* Prompt:
Wherever pictures appear in the listing below, leave them out, and copy exactly, and only, everything from the line with "The Land Of" down to the line with "Voce Com voce".

══ Data provided ══

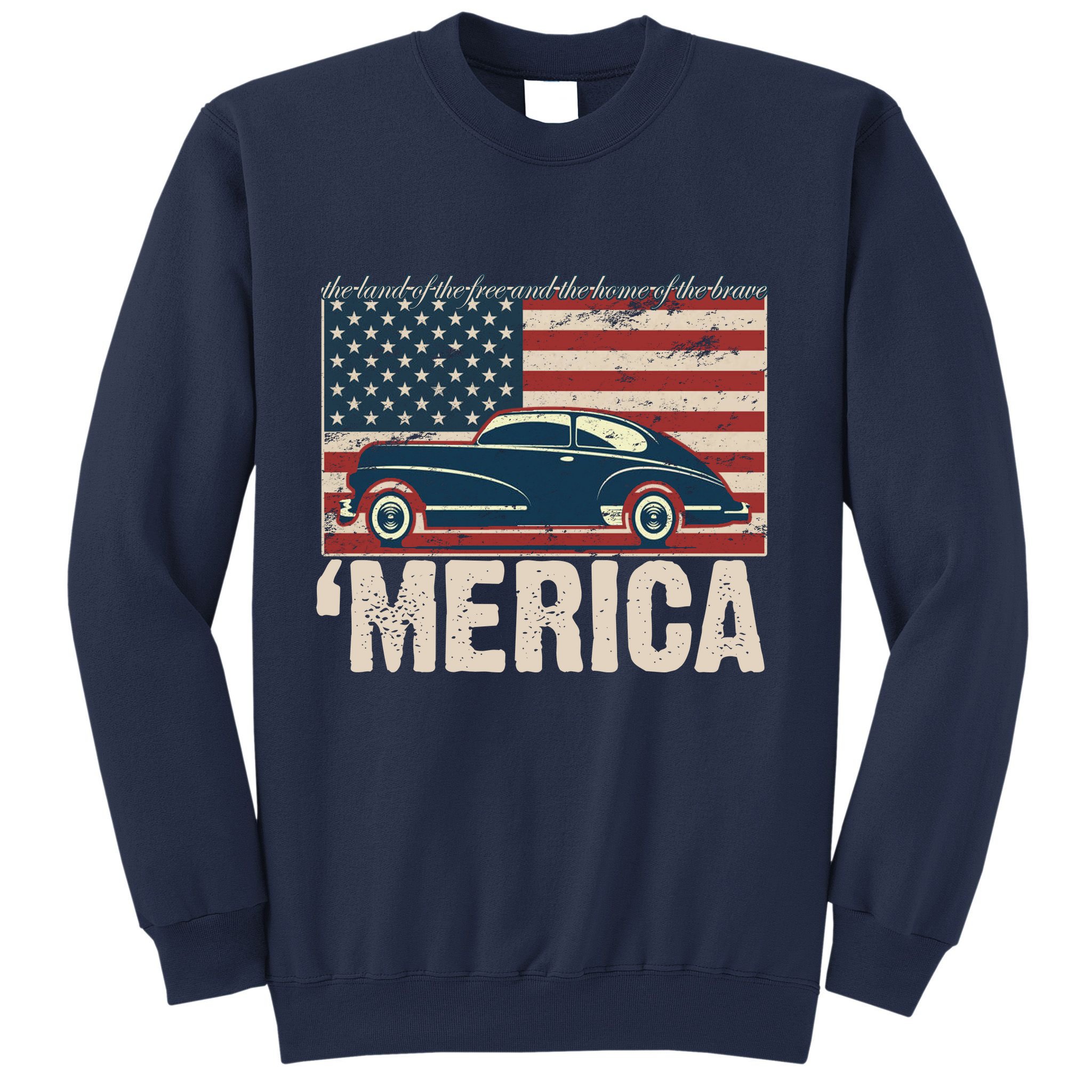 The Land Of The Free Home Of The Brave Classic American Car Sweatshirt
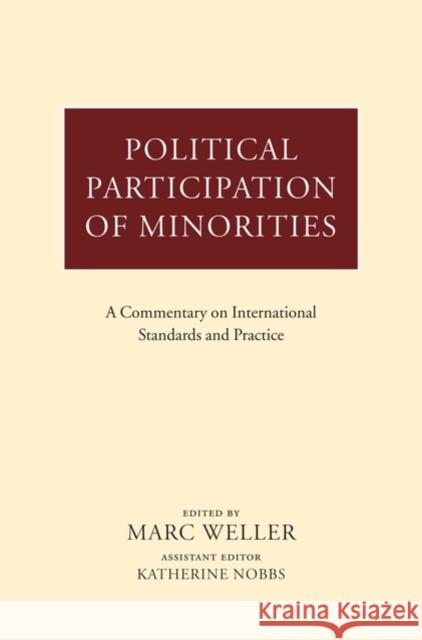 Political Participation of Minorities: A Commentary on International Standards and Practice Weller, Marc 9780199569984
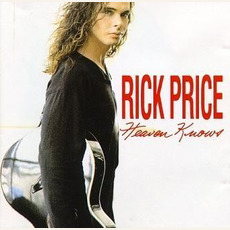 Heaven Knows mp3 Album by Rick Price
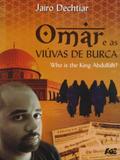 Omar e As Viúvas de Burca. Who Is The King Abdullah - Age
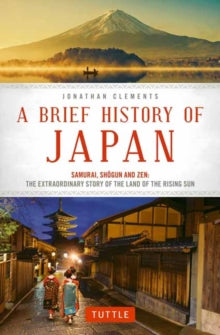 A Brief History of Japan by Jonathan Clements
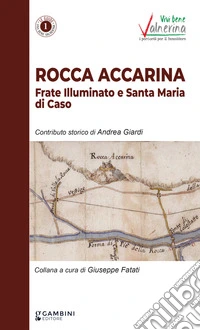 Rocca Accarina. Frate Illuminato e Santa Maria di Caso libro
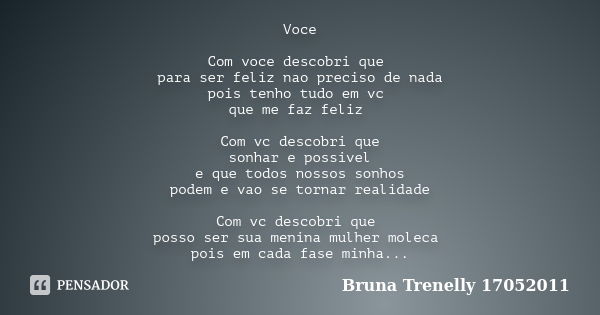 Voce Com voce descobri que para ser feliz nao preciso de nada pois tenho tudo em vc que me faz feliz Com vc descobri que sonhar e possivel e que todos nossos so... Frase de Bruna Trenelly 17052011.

═══
══ Data provided ══

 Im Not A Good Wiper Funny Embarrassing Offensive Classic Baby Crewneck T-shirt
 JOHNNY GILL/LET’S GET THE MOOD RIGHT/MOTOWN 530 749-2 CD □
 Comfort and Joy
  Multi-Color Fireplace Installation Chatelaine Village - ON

═══

* Answer to this task:
 The Land Of The Free Home Of The Brave Classic American Car Sweatshirt
 Political Participation of Minorities: A Commentary on International Standards and Practice Weller, Marc 9780199569984
 Heaven Knows mp3 Album by Rick Price
 Omar e As Viúvas de Burca. Who Is The King Abdullah - Age
 A Brief History of Japan by Jonathan Clements
 Rocca Accarina. Frate Illuminato e Santa Maria di Caso libro
 Voce Com voce descobri que para ser feliz nao preciso de nada pois tenho tudo em vc que me faz feliz Com vc descobri que sonhar e possivel e que todos nossos so... Frase de Bruna Trenelly 17052011.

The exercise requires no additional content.